With its relatively small scope, Perks marks a significant contrast from Chbosky’s more elaborate, big-budgeted scripts for “Jericho” and “Rent.” Despite these three projects’ disparate genres, however, Chbosky believes they all share a common theme.
“They’re all survival stories,” he explained. “It’s all about making a great life against impossible odds, whether those odds are the apocalypse [“Jericho”], AIDS in New York City in the early 80s and 90s [“Rent”], or—in this case—high school. I just love the idea of transcending all those things and finding peace in yourself and love in your life.”
Nina Dobrev (“The Vampire Diaries”), who plays Charlie’s sister in the film, had not read the book prior to accepting her role but was well aware of its influence.
“All my friends thought I was absolutely insane for not having read it,” she said in a roundtable interview with the Wheel. “They were all so personally affected by it. It really is a moving and powerful book.”
Though Chbosky had envisioned a film version from the get-go, it wasn’t until much later in his career that he found the confidence to finally see his vision realized. The exact moment came at the end of his run on “Jericho.”
Despite the show’s cult following, the CBS program lived under constant threat of cancellation. Feeling drained and stressed from the proceedings, Chbosky wandered into a movie theater and found himself enchanted by the low-budget Irish musical “Once.”
“I thought, ‘God, they took 100,000 dollars and a video camera on the streets of Dublin and they moved me more than anything has in years,’” he said. “I thought, ‘Alright man, go back and do what you’re supposed to be doing.’”

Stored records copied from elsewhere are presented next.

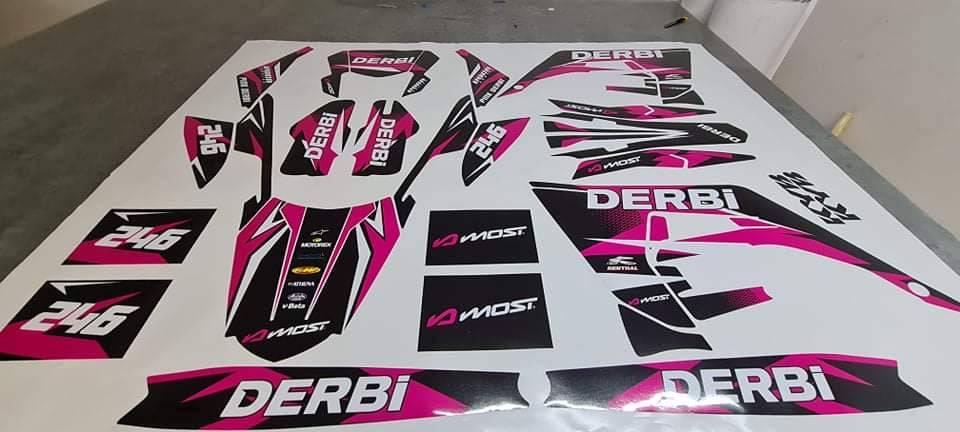 kit grafiche DERBI X-TREME / RACING 2018-2024 - FACTORY ROSA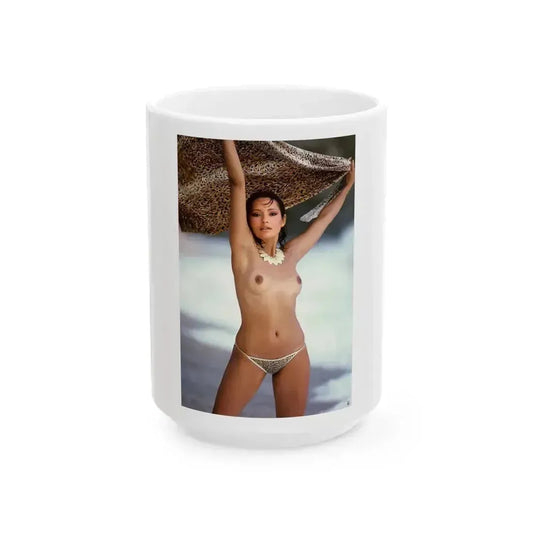 Barbara Carrera #98 - Topless (Vintage Female Icon) White Coffee Mug 15oz - Go Mug Yourself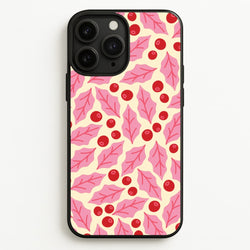 Pink Holly And Berries Pattern iPhone 11 Pro Case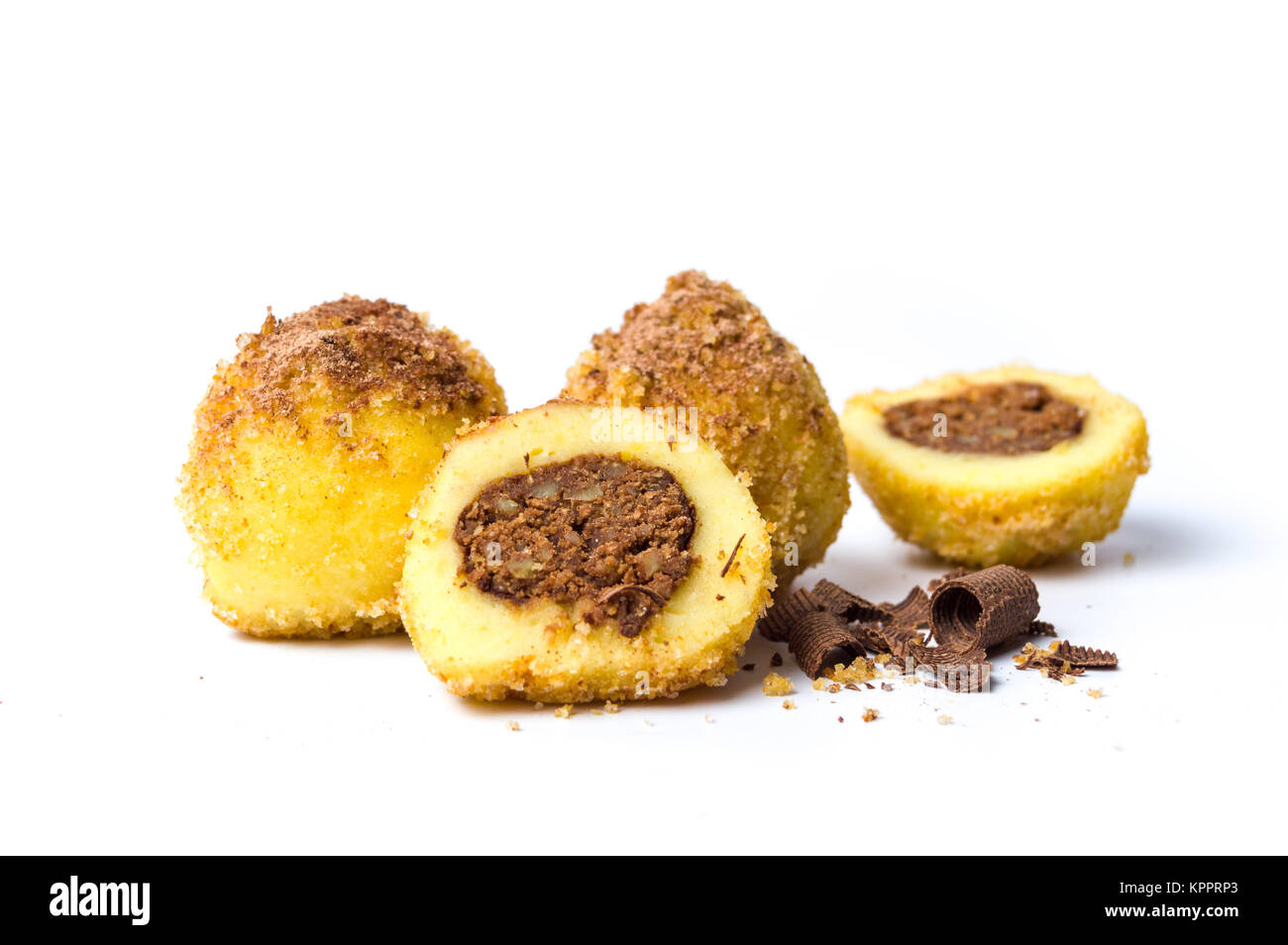 Bread crumb dumplings stuffed with chocolate and nuts isolated Stock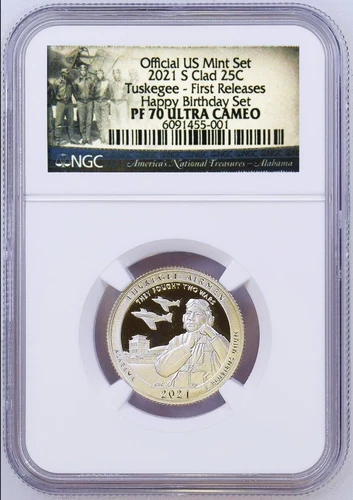 2021 S NGC Tuskegee Airmen CLAD PROOF the LAST QUARTER HAPPY BIRTHDAY SET PF70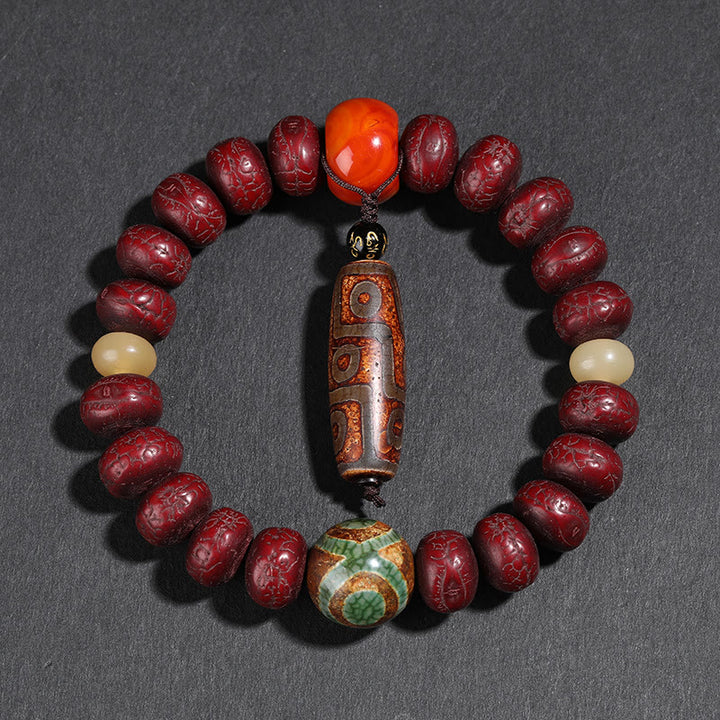 Bracelet porte-bonheur en perles de Bodhi Dzi en pierres de Buddha Stones du Tibet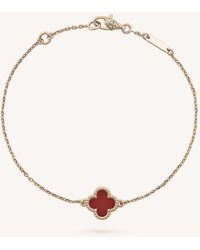 Van Cleef & Arpels - Sweet Alhambra Rose-gold And Carnelian Bracelet - Lyst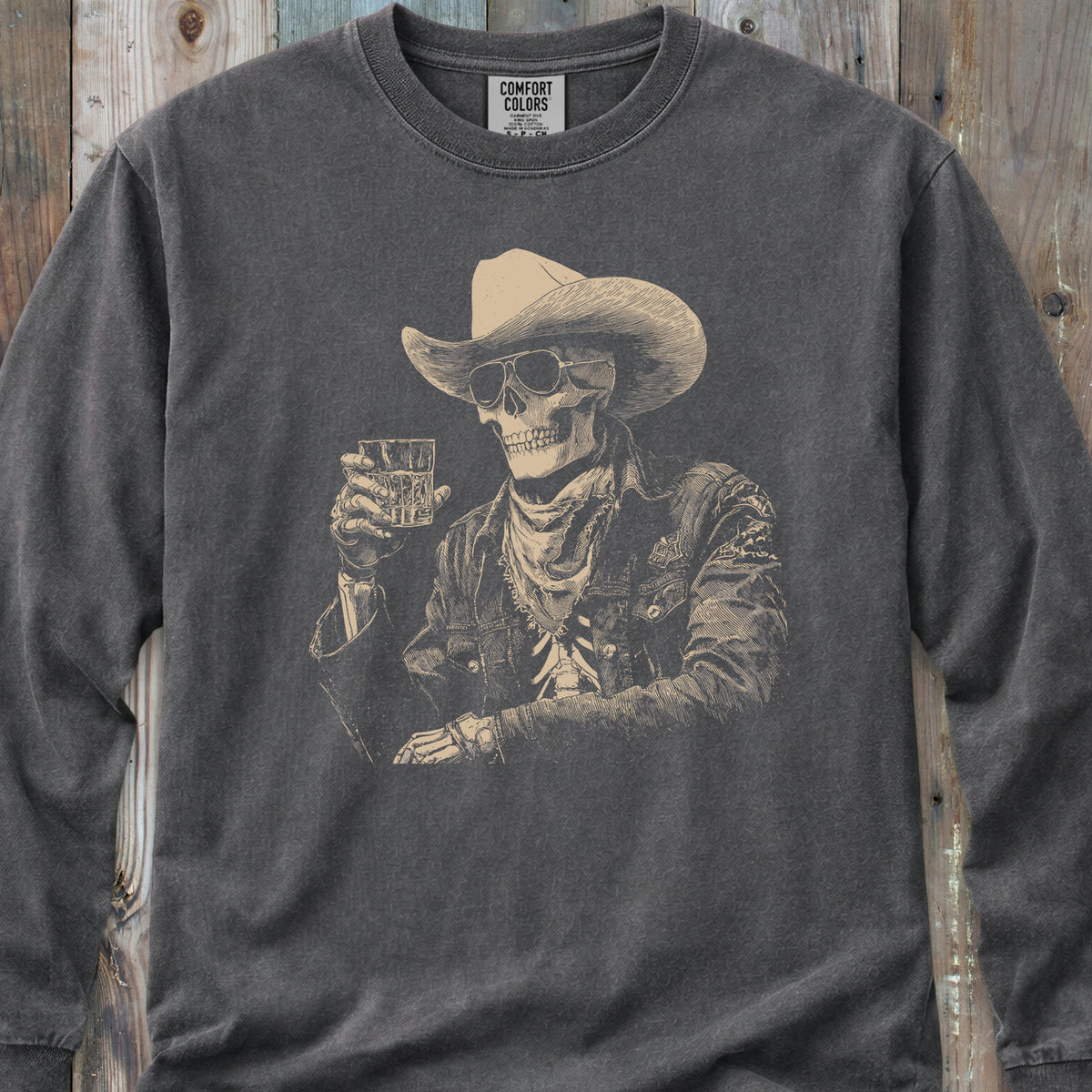 Cheers Skeleton Cowboy - Long-Sleeve Tee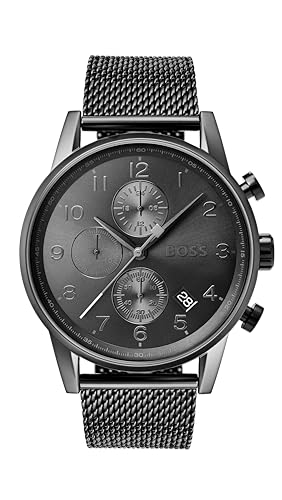 BOSS Chronograph Quarz Uhr für Herren mit Graues Edelstahl-Mesh-Gliederarmband - 1513674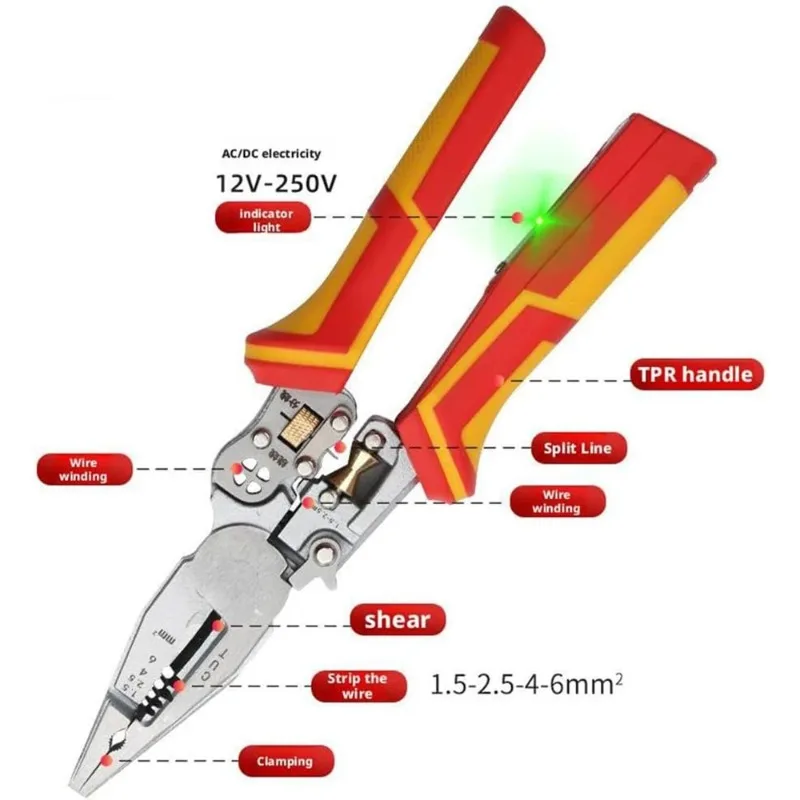9 In 1 Wire Stripper Stainless Steel Electrician Cable Cutter Wire Crimping Pliers Clamper Splitting Winding Multi Function Tool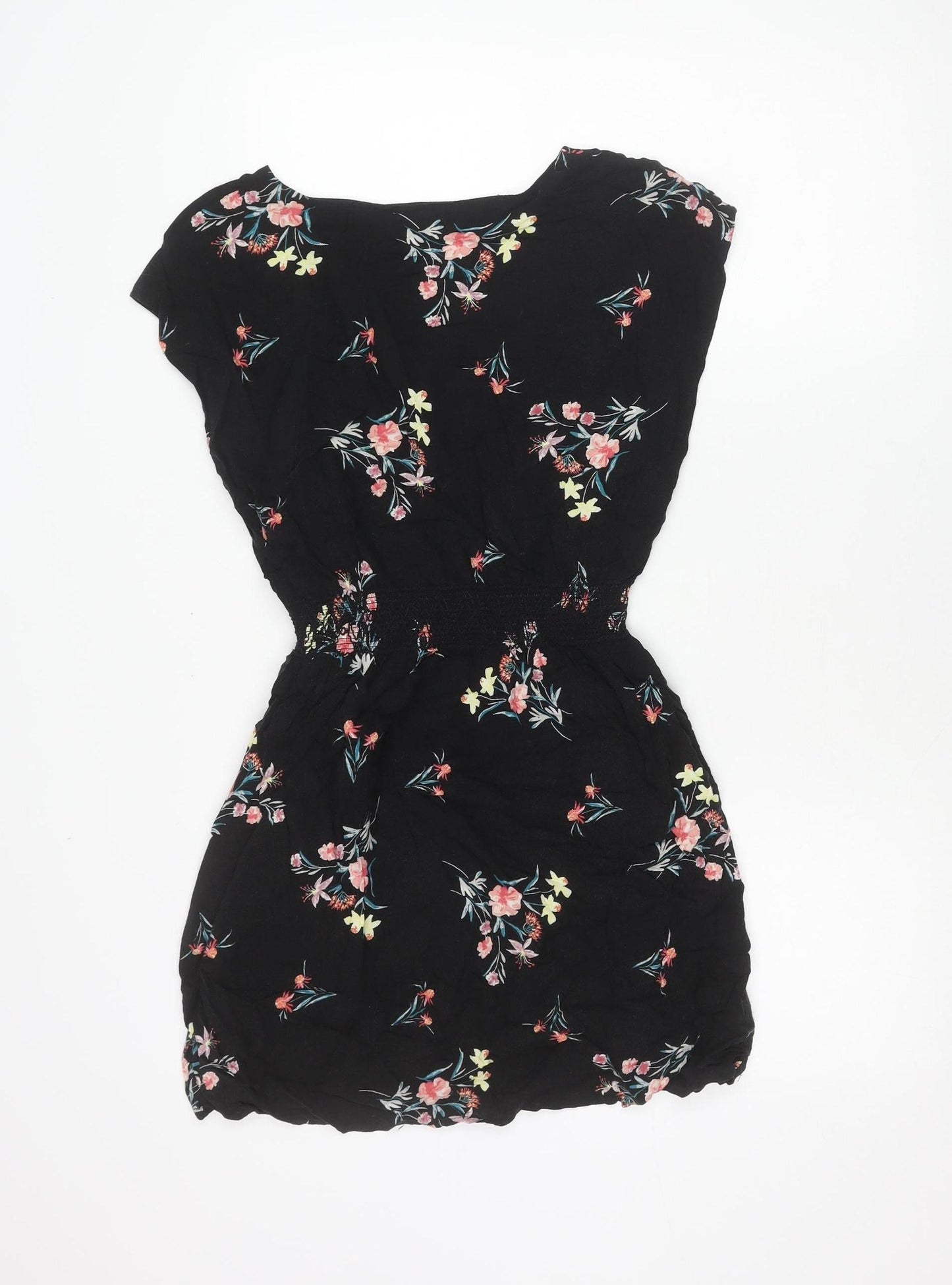 Apricot Womens Black Floral A-Line Short Dress UK 10 Scoop Neck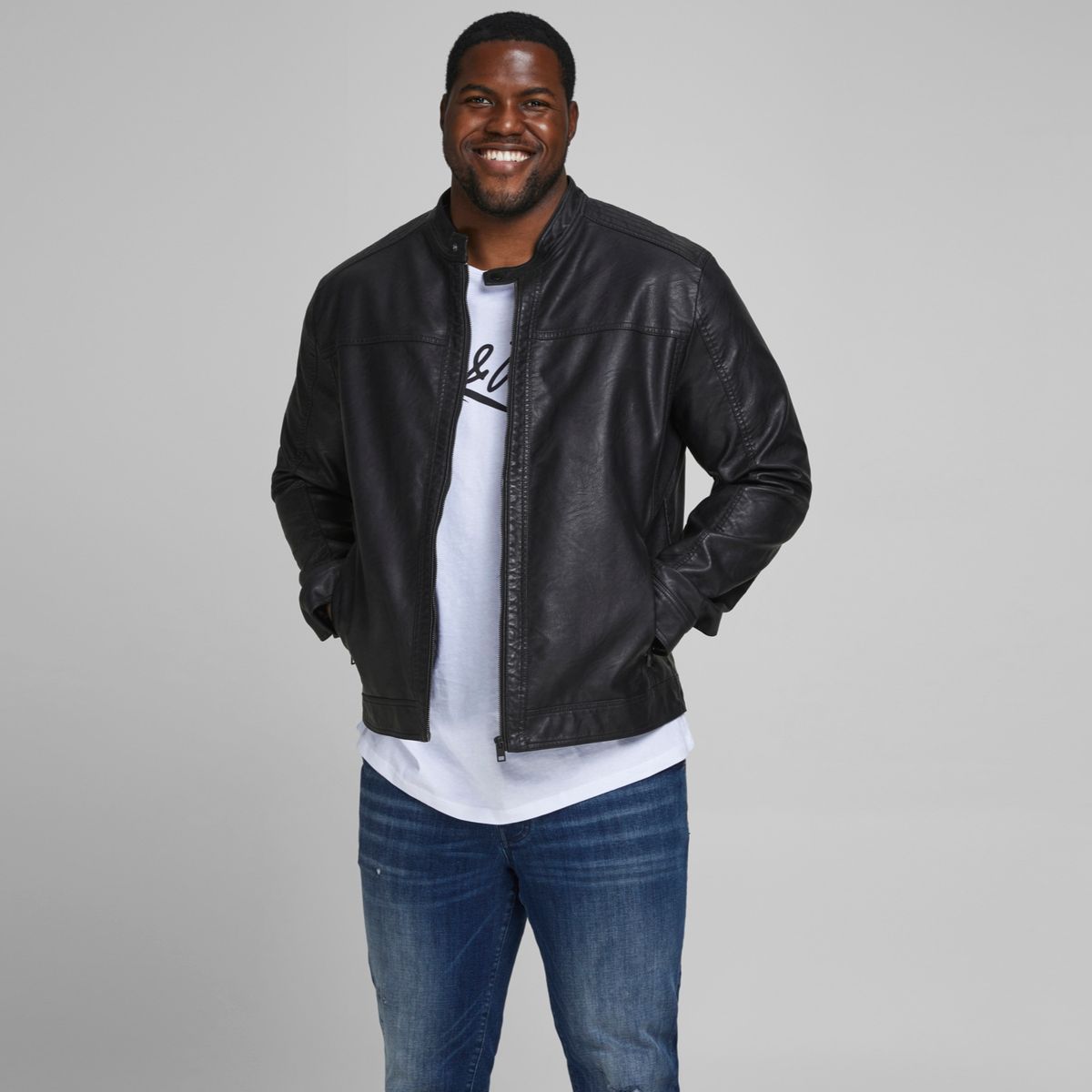 JACK&JONES - Chaqueta Cuero Sintetico Hombre Jack&Jones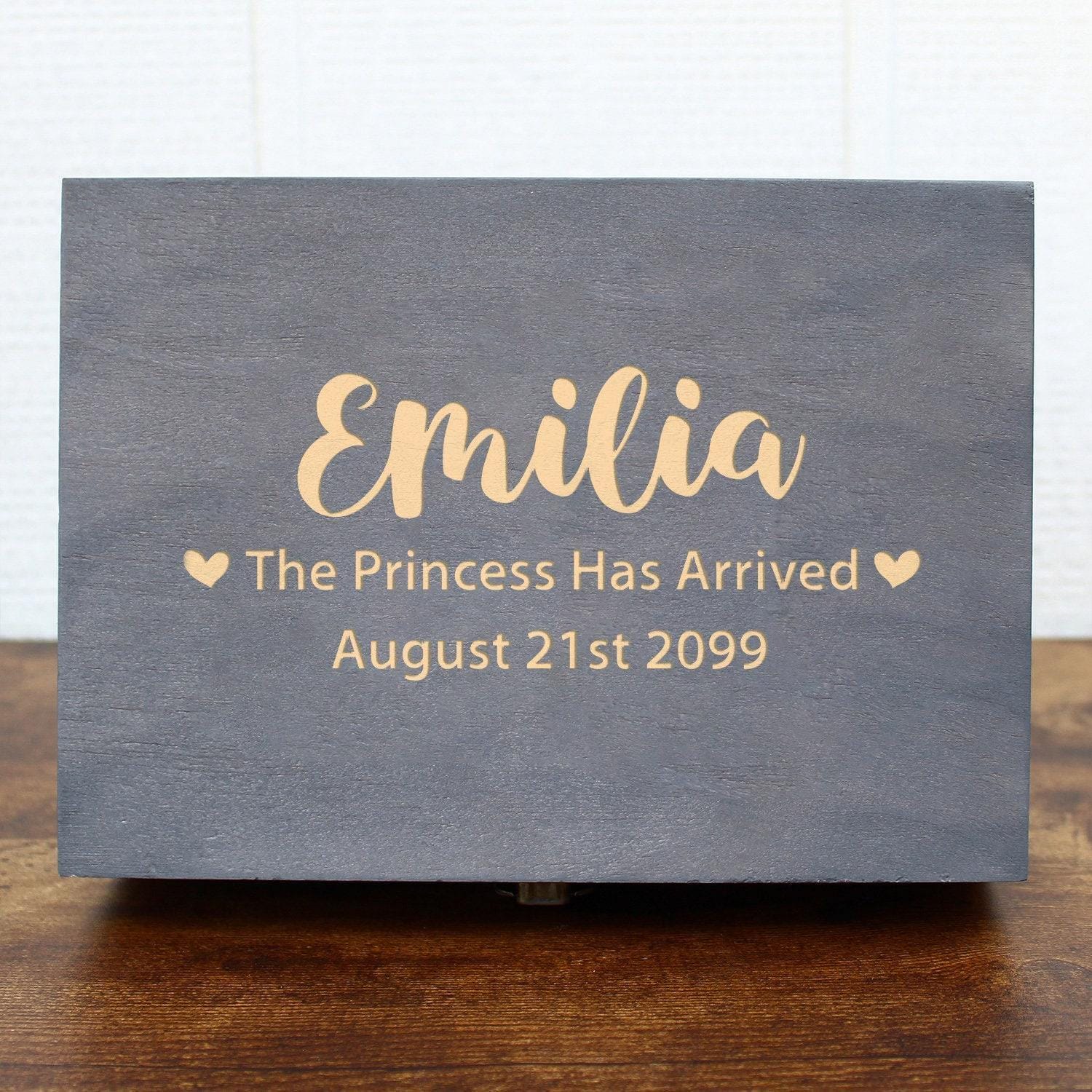 Personalized Wooden Baby Memory Box – Engraved Keepsake Storage Box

Chief of all, however, Chbosky cites his wife in helping him find the emotional strength to move on with the project.
“Because this is such an emotional story for me, I needed her support and I needed to have a beautiful home to go to every night to pull this off,” he said.
Prior to the film’s release, Chbosky screened the movie for a packed audience at Atlanta’s own Plaza Theater. After the screening, he took the stage for a Q&A session to rapturous applause. Rather than asking questions, many audience members expressed their appreciation to Chbosky both for his book and the film.
One woman claimed that the book encouraged her to finish her own memoirs. Yet another claimed the book profoundly affected him as a teenager and, as a teacher, he now assigns it to his students. On behalf of his class, the man even presented Chbosky with a mixed CD of songs inspired by Charlie’s story.
During the Q&A, Chbosky went into detail about the film’s production, including his determination in securing the film a PG-13 rating. Aware of his book’s influence among teenagers, he wanted to make sure that the film’s targeted audience would have the chance to see the film. For him, this meant meticulously looking through the MPAA rating system and adjusting the film as such.
As the film makes its way into theaters, Chbosky expresses immense satisfaction with the final product, calling it “the definitive” version of Perks. Yet, despite his excitement with its quality, the film’s release comes with a sense of relief.
With one of his long-term projects finally seeing the light of day, Chbosky now feels that he can now move on to other things in his life.
“There’s so many images that had been in my mind for years and now they’re out. They’re on the screen, they’re not in my head anymore and now I’m free,” he said. “I have more room to be a good husband and father. It’s the greatest feeling in the world.”